## Task statement
Each line from the one with "PASSAT B8 BLOKADA" through the last line below must be written out exactly. Do not copy pictures.

## Stored entries
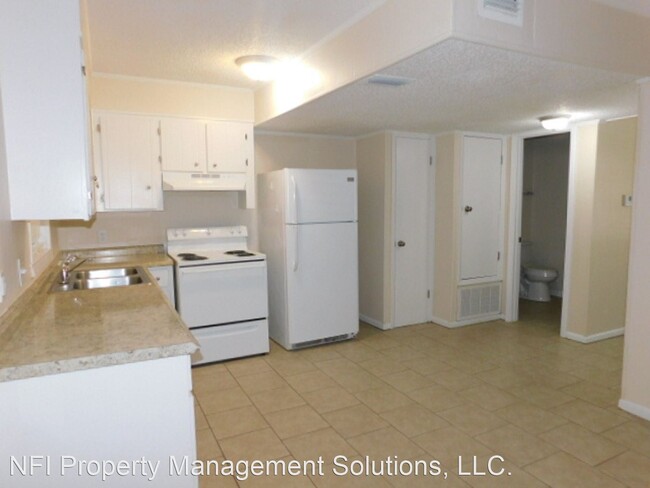 Building Photo - 3 br, 1.5 bath House - 5820 Sanders Street...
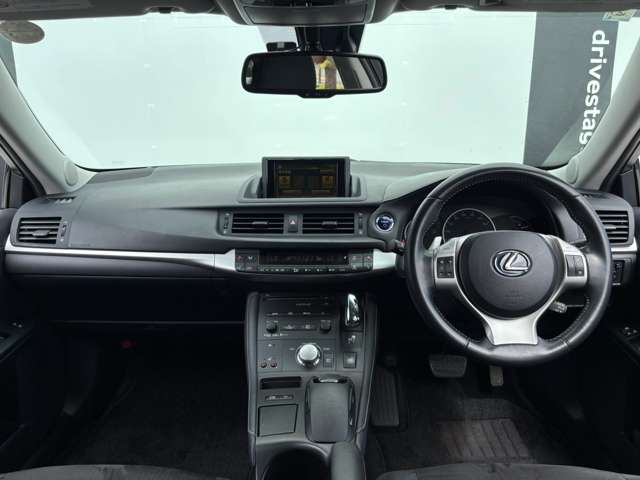 2011 Lexus CT – thumbnail 2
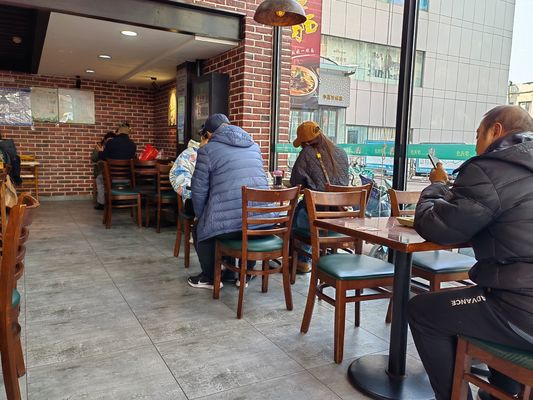 Embalagem de correio N Escadaria de madeira do restaurante cadeira traseira para jantar cadeira de madeira maciça personalizada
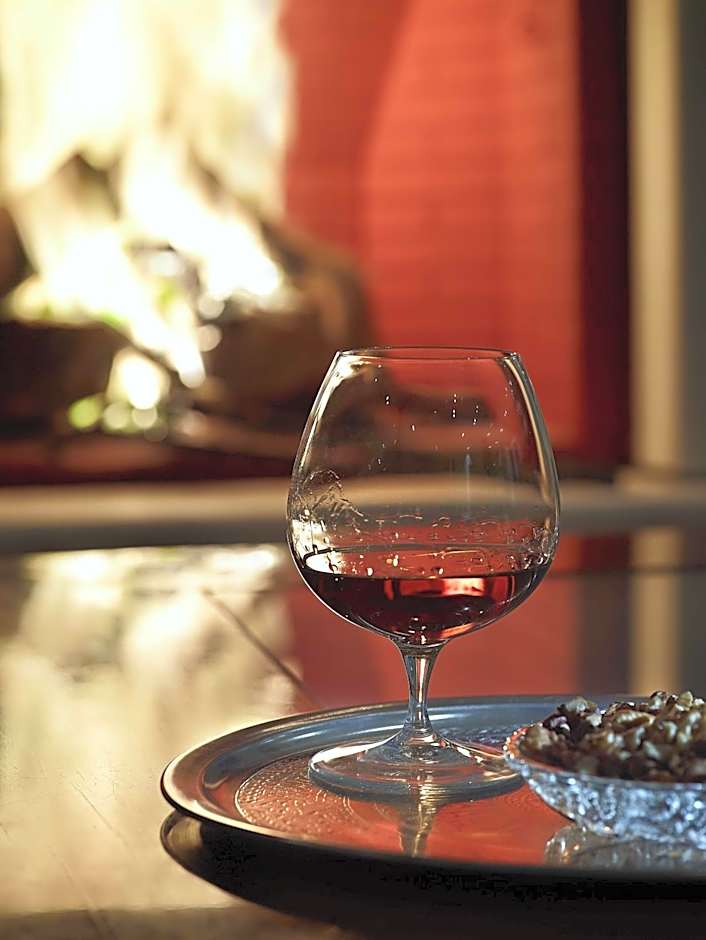 Avantis Suites Hotel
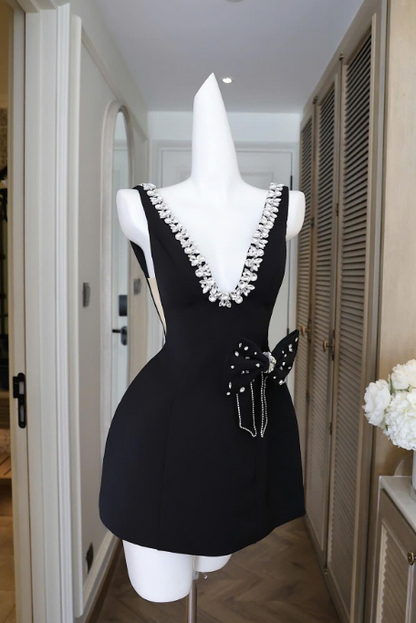 Black V-neck A-Line Satin Backless Short Homecoming Dress with Bow Party Dress HZ1024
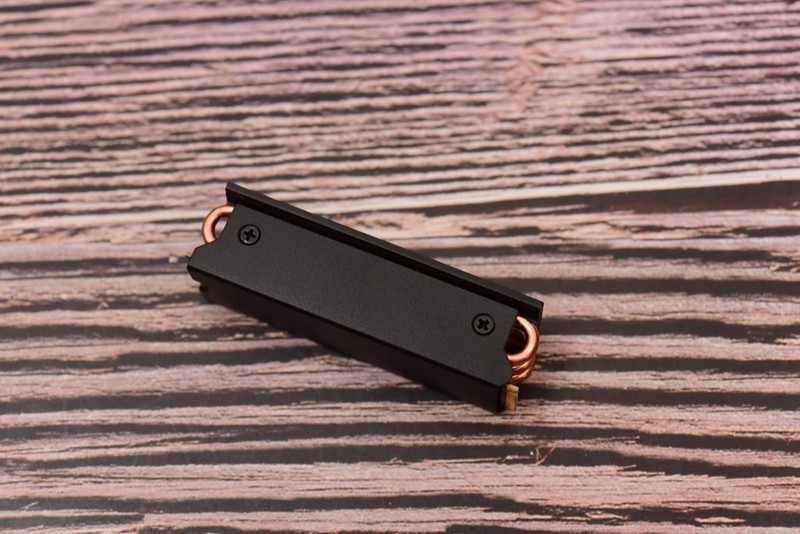 热管？风冷？纯铜？实测告诉你SSD散热器哪家强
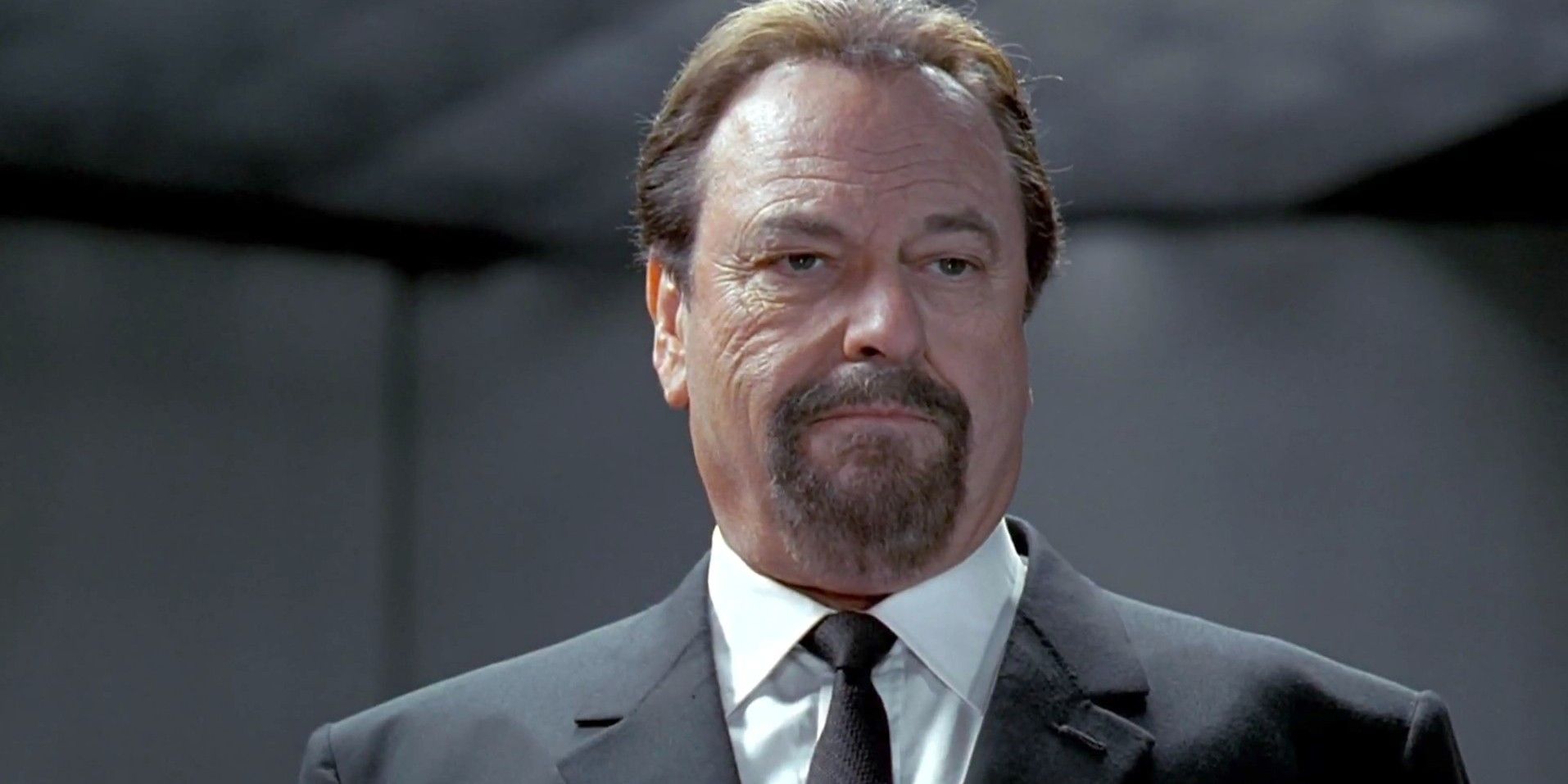 Rip Torn as Z looking down in Men in Black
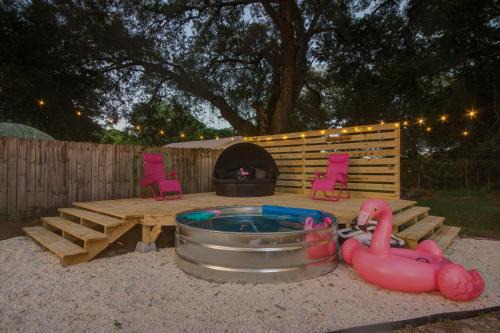 Bellview Casa | family house cowboy pool HOT TUB Yard Games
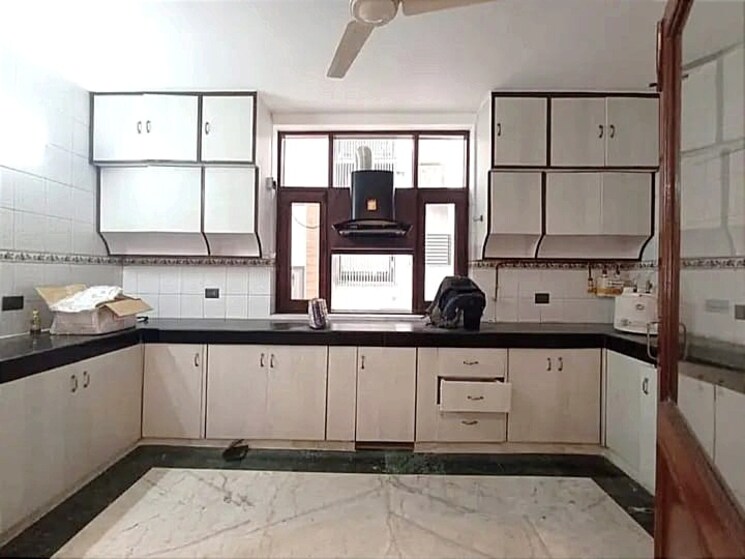 Kitchen, greater kailash ii 4 Bedroom 3000 Sq.Ft. Builder Floor In Greater Kailash ii Delhi 9514625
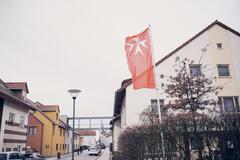 Eine Flagge weht im Wind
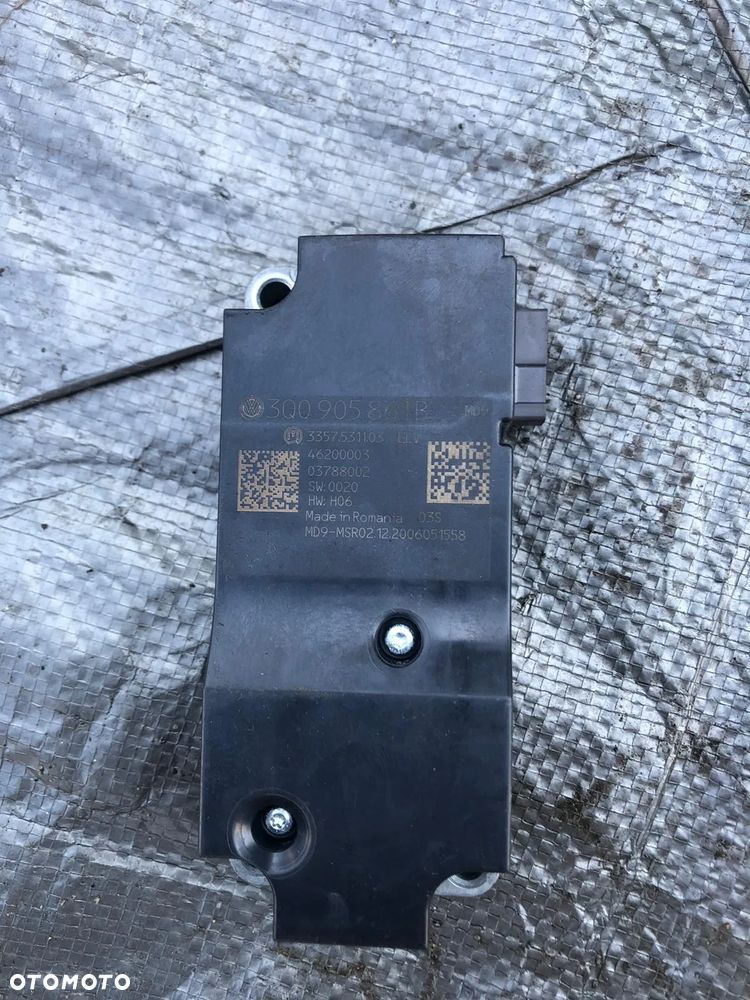 PASSAT B8 BLOKADA KOLUMNY KIEROWNICZEJ STACYJKI 3Q0905061B LUB 3Q0905061 - 1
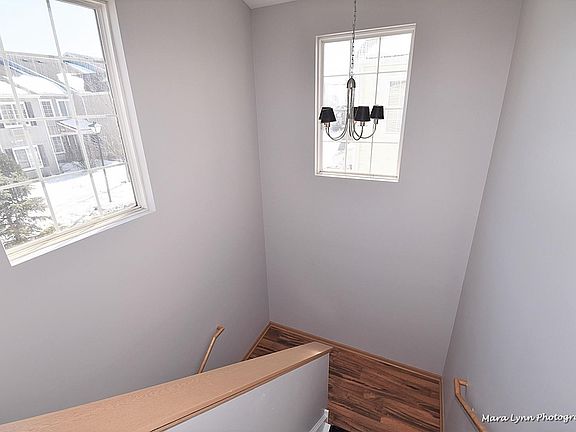 2nd image of 1817 Silverstone Dr Unit 1817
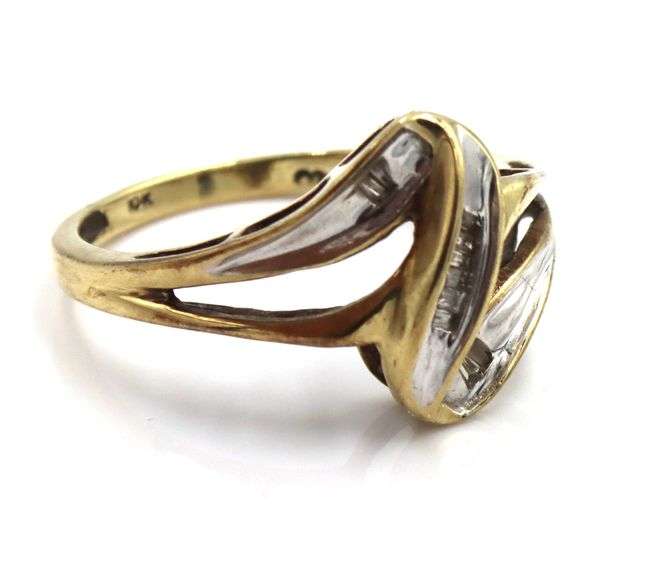 10kt Yellow gold diamond cross over ring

## Written reply
 PASSAT B8 BLOKADA KOLUMNY KIEROWNICZEJ STACYJKI 3Q0905061B LUB 3Q0905061 - 1
 2nd image of 1817 Silverstone Dr Unit 1817
 10kt Yellow gold diamond cross over ring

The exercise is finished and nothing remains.